Forster, Fitzgerald, and Baldwin Through the Lens of Biography

WHAT draws a biographer to a particular subject? Hero worship? Infatuation? A more temperate kind of admiration or affinity? Or, at very least, some sort of fascination, based on attraction or perhaps even repulsion?

James Boswell's landmark ``The Life of Samuel Johnson'' and Mrs. Gaskell's ``Life of Charlotte Bronte'' were products of devoted friendships. Equally insightful biographies have been written by scholars carefully reconstructing the lives of people they never met.

Nicola Beauman did not know E.M. Forster (1879-1970), but, as she explains in her introduction to ``E.M. Forster: A Biography,'' she felt a great love and affinity for the man and his work.

Author of a life of Lady Cynthia Asquith and a study of the ``woman's novel'' between the wars, Beauman deems Forster the best novelist then working in that tradition. ``Howards End and A Passage to India are among the great novels of the century,'' she writes, ``but only for those who can see that lightness of touch, humour, domestic observation and psychological perception do not preclude insight into the weightiest, the most crucial aspects of our society.'' Her laudable aim in writing Forster's life is to enhance our understanding of his novels.

Her approach (in contrast to Forster's earlier biographer, P. N. Furbank, who did know him) is ``intuitive,'' perhaps too much so.
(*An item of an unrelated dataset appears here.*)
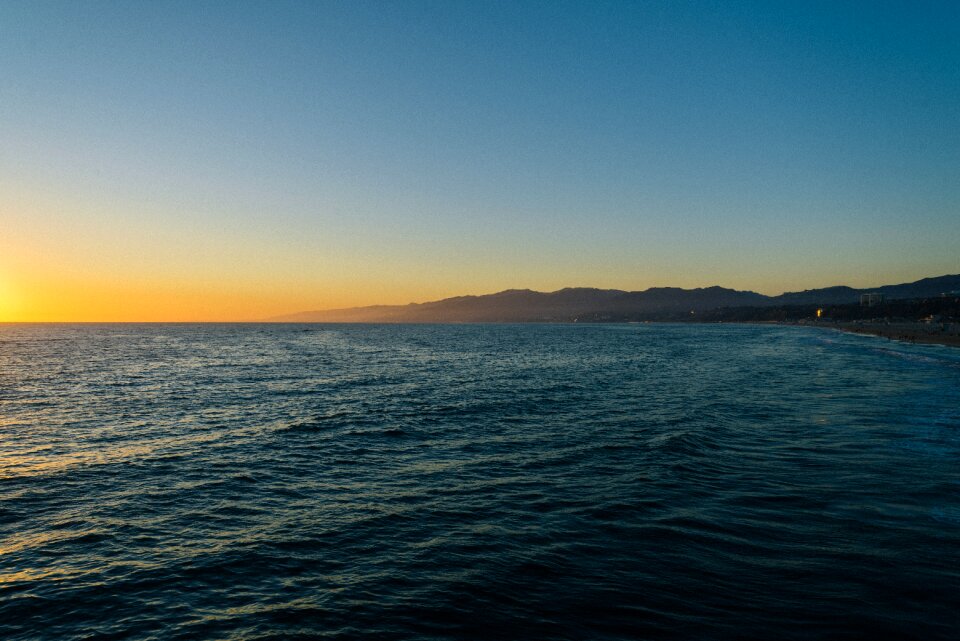 Ocean pacific ocean seashore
Beauman has a way of fussing over ``Morgan,'' as she overfamiliarly calls him, as if she somehow knows him better than he knew himself.
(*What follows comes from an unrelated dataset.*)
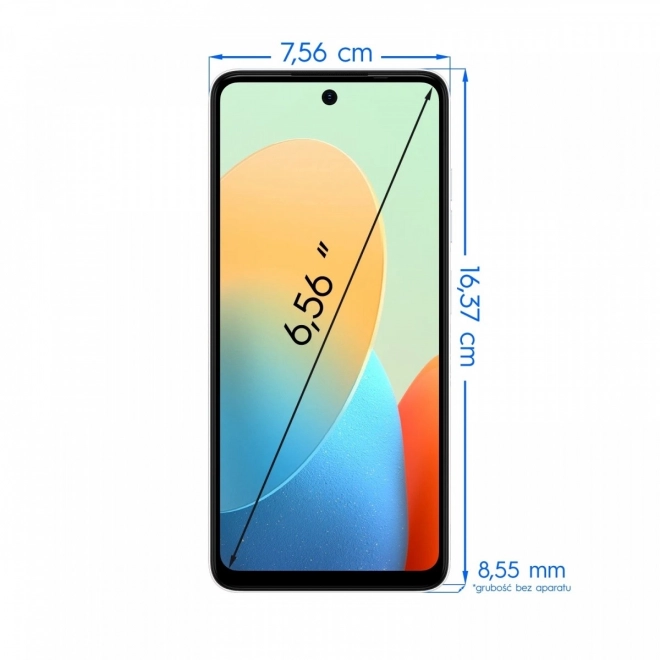 Spark GO 2024 BG6 64+4 Mystery White smartphone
Contradicting the general perception that he was unhappy at prep school, she equips him with two previously unsuspected boyhood chums on the strength of a rumor and the still less convincing ``evidence'' of an analysis of young Forster's handwriting and her own reaction to a photograph of one of the alleged chums: ``He looks the kind of young man one would imagine Morgan wanting as a friend,'' she declares.

On even flimsier evidence, she also concludes that Forster's father (who died before Morgan's second birthday) shared his son's homosexual orientations.
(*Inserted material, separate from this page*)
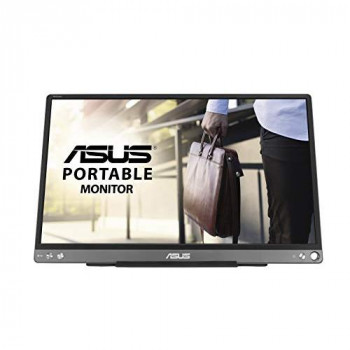 ASUS ZenScreen MB16ACE Portable USB Monitor- 15.6 inch Full HD, Hybrid Signal Solution, USB Type-C, Flicker Free, Blue Light Filter, Anti-glare surface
Not only do Beauman's overconfident tone and proprietary attitude undermine one's ability to accept her intuitive insights (even on occasions when she may in fact be right), but in an odd way her boundless sympathy seems to blind her to the less appealing aspects of her subject's personality: his fustiness, timidity, and listlessness.

She is so certain that the reader shares her enthusiasm for ``Morgan'' that she does not take adequate pains to convey what made him so special: to reveal, beneath his staid surface, the sensitive and thoughtful man who gave us such fine work.

In the case of Jeffrey Meyers, who's written lives of Katherine Mansfield, Wyndham Lewis, D.H. Lawrence, Joseph Conrad, Ernest Hemingway, and Edgar Allan Poe, the question is not so much ``why F. Scott Fitzgerald?'' as ``why not?''

The quintessential Jazz Age couple, Scott and his wife Zelda have been the subjects of many previous biographies, from Arthur Mizener's classic ``The Far Side of Paradise'' to Nancy Milford's feminist ``Zelda.'' But in Meyers' view, none of those provides a sense of a coherent personality.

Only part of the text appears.